30. On the prayer for supply of the documents, that is considered to be a facilitating order that would obviate prospects of other interlocutory applications. The Defendant averred that the Plaintiff is the custodian of the primary evidence. However, I am of a descending opinion and in my view adopt the words of the Court of Appeal in the case of Barclays Bank of Kenya Ltd…Vs…Christopher Kenyariri and say that on the fact of this case, justice requires that the Plaintiffs should be put in possession of all the documents in the possession of the Defendant and connected with the creation of the legal Charges and the account on such facility. This prayer is hence merited and is hereby granted.

31. In the end, the Plaintiff’s application fails save for prayer (6) which is hereby allowed. The interim prayers that had been granted pending the determination of the application are also vacated.

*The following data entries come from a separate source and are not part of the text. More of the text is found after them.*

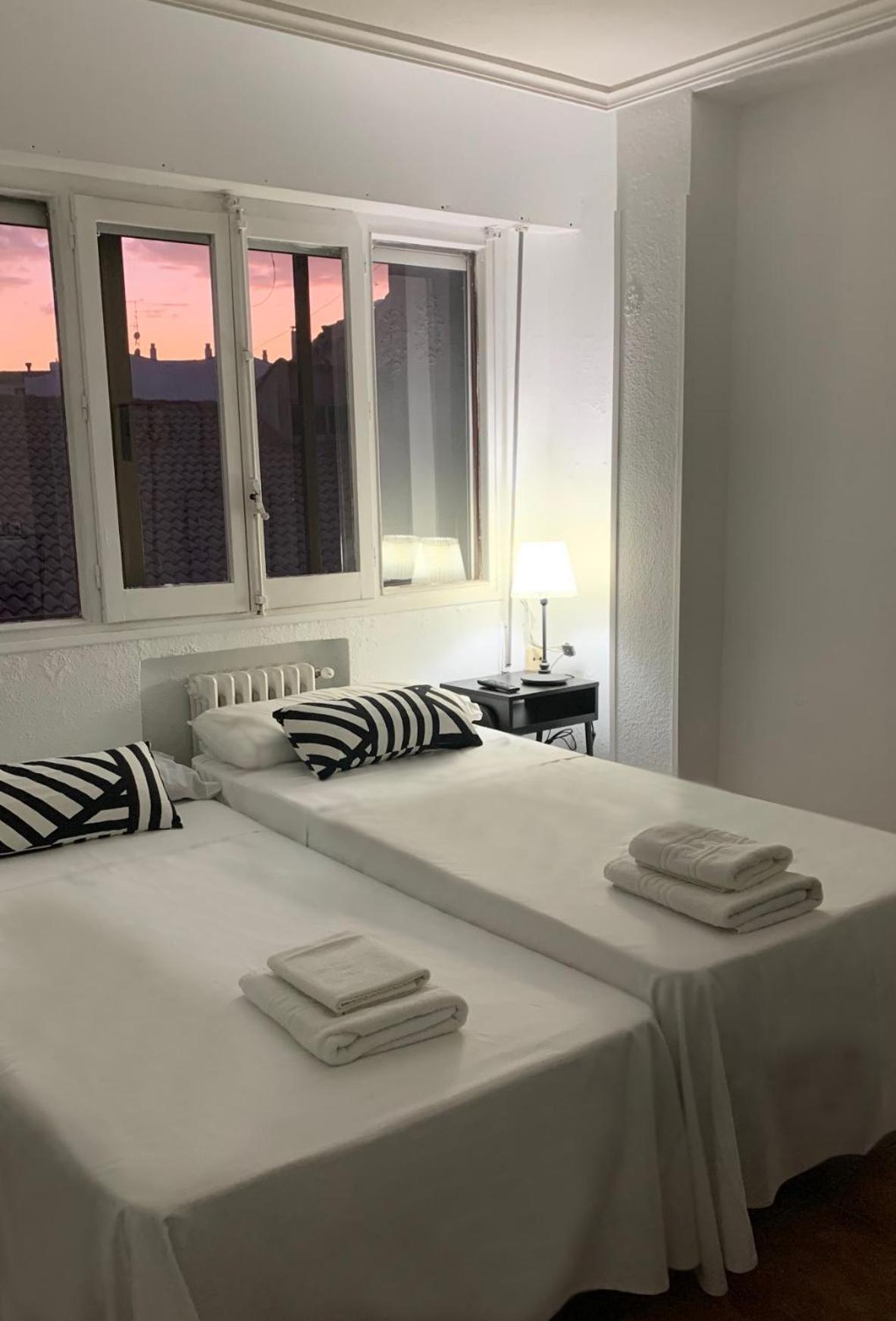 ארנדה דה דוארו Hotel Y Restaurante Puerta De Aranda מראה חיצוני תמונה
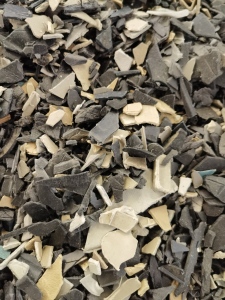 出售PP汽车内饰破碎料，保险杠破碎料，月供200吨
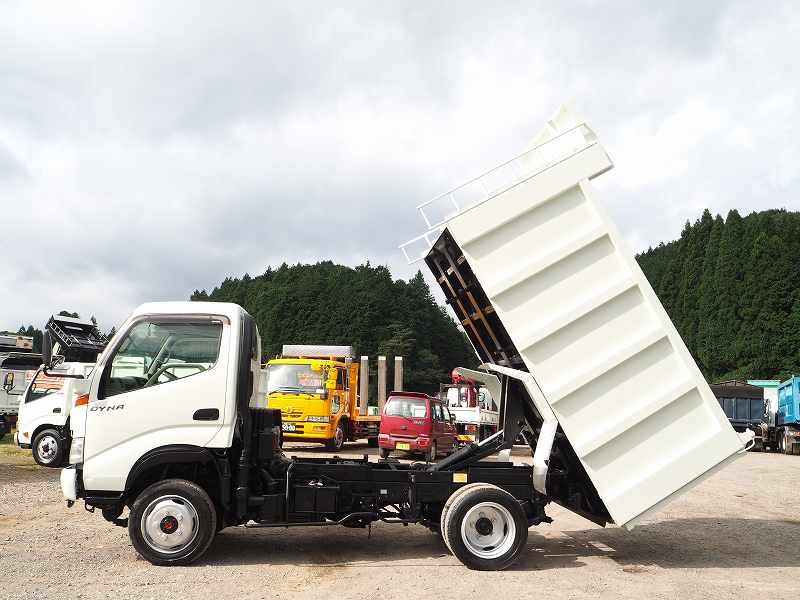 トヨタダイナ4WD高床極東ステンレス張り深ダンプ6.3立米|中古トラックの販売・買取・査定のアイナビ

32. With regard to costs, it is apparent that the Defendant never filed any document with regard to the application. This court therefore directs each party to bear its own costs.

It is hereby so ordered.

DATED, SIGNED and DELIVERED at MOMBASA on this 17th day of November, 2020.

D. O.  CHEPKWONY

JUDGE

In view of the declaration of measures restricting court operations due to the COVID-19 pandemic and in light of the directions issued by His Lordship the Chief Justice on 15th March 2020, this Ruling has been delivered to the parties online with their consent.  They have waived compliance with Order 21

Rule 1 of the Civil Procedure Rules which requires that all Judgments and Rulings be pronounced in open Court.